As a kid, I had oscars, a gar, and a snakehead over time, so I when I read that tiger barbs were a little nippy, I didn't associate their aggression with that of piranha.

My 29 gal tank had a small school of zebra danios from its cycling days. Four months later, I introduced six tiger barbs. My research indicated the fast swimming danios would be ok with the nippy barbs. I also read that six would be a good number to keep their aggression low.

The morning after introduction, one of my danios was floating headless. A few days later, another is a skeleton. Last night he was ok. Today he's a skeleton. I'm in disbelief. I kept counting fish to make sure it wasn't dead three months and hidden or something. 

Despite having fish as a kid, my skill level is that of beginner now. I'm just really surprised at the aggression of these guys. I feed them twice daily, one crisp per inch of fish, approximately. I've read that it should be enough food for fish to eat in 3 minutes and my barbs finish off their meal in 39 seconds last I timed it. So maybe I'm under-feeding them? But I'm afraid to push it since over-feeding is more dangerous, right? (But maybe not to the danios....)

Jim


----------



## JRMunroe (Feb 13, 2011)

For quite a few years I've had 30-50 Tiger Barbs in a 215 gal planted tank containing angelfish, zebra danios, some tetras, a small discus and maybe some others I can't think of just now. 

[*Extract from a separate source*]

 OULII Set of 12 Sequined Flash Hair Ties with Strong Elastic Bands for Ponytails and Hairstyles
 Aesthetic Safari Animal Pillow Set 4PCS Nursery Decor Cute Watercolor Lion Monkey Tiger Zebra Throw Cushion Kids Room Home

None have ever caused trouble. 

Often I forget to feed them for a day or two, with no effect whatsoever.

Tiger Barbs aren't vicious. They play a game where only they know the rules. If they have enough interested buddies to play with, all goes fine. If they don't, they try to play with other kinds of fish (who don't know the rules) and then the trouble starts.

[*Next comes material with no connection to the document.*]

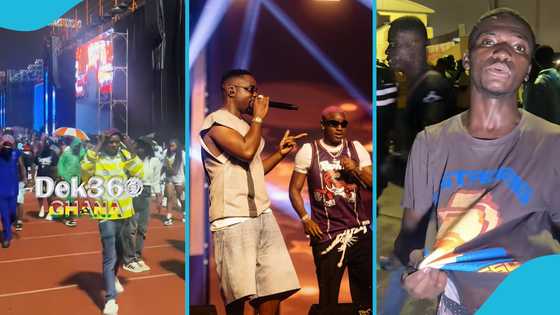 Fans flee as heavy rain falls during Sarkodie’s Rapperholic concert, video stirs reactions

Since I doubt that you can teach the other fish the rules of the Tiger Barb game, simply add more Tiger Barbs, if your tank will hold them.


----------



## automatic-hydromatic (Oct 18, 2010)

JRMunroe said:


> Tiger Barbs aren't vicious. They play a game where only they know the rules. If they have enough interested buddies to play with, all goes fine. If they don't, they try to play with other kinds of fish (who don't know the rules) and then the trouble starts.
> 
> Since I doubt that you can teach the other fish the rules of the Tiger Barb game, simply add more Tiger Barbs, if your tank will hold them.


that's an interesting way of looking at it  nice explanation!


----------



## snail (Aug 6, 2010)

Have you seen the barbs chasing the danios? Are the other Danios hiding, have torn fins or showing other signs of bullying? Just a thought but adding the 6 tiger barbs may have caused a mini cycle and an ammonia spike the danios may have been weakened from going through the cycle the first time and died as a result of the new ammonia spike.


----------



## majerah1 (Oct 29, 2010)

snail said:


> Just a thought but adding the 6 tiger barbs may have caused a mini cycle and an ammonia spike the danios may have been weakened from going through the cycle the first time and died as a result of the new ammonia spike.


Thats what I was thinking.Never heard of tigers being this aggressive,but they will munch on dead fish.


----------



## SgtStryker0331 (Sep 19, 2010)

snail said:


> Have you seen the barbs chasing the danios? Are the other Danios hiding, have torn fins or showing other signs of bullying? Just a thought but adding the 6 tiger barbs may have caused a mini cycle and an ammonia spike the danios may have been weakened from going through the cycle the first time and died as a result of the new ammonia spike.


Hmm. I'll test the ammonia. Thank you.


----------